Directions:
List the lines of this listing that hold the word "Beach".

Recorded information:
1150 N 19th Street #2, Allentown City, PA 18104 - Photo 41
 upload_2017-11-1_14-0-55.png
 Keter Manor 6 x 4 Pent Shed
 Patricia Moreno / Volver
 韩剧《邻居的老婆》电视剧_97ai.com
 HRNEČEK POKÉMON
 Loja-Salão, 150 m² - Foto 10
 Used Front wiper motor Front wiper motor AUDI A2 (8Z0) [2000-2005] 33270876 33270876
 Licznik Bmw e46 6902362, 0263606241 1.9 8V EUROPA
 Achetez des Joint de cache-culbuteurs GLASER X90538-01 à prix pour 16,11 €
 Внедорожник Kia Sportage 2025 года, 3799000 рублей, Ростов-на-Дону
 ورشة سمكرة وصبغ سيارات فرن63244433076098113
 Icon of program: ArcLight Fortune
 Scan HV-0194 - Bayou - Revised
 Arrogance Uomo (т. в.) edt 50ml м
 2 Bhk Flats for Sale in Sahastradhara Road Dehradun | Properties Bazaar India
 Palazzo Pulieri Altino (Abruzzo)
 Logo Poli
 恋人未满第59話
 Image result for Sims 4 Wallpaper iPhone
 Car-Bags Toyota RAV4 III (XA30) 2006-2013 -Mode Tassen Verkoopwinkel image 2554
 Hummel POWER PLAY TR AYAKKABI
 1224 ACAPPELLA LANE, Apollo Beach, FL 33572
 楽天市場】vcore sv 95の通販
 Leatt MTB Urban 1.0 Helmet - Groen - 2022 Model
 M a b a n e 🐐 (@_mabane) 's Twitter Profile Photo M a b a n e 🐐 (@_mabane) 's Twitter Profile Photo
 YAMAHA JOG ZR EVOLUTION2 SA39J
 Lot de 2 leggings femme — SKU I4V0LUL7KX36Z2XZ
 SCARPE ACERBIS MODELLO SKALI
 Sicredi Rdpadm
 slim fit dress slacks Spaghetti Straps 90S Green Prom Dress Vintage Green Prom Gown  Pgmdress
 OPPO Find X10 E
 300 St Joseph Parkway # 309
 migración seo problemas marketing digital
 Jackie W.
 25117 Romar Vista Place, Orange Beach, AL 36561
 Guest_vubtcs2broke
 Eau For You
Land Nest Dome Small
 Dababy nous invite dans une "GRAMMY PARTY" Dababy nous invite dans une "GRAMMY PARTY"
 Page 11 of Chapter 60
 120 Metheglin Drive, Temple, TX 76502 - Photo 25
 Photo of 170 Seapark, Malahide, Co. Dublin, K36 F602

Task result:
 1224 ACAPPELLA LANE, Apollo Beach, FL 33572
 25117 Romar Vista Place, Orange Beach, AL 36561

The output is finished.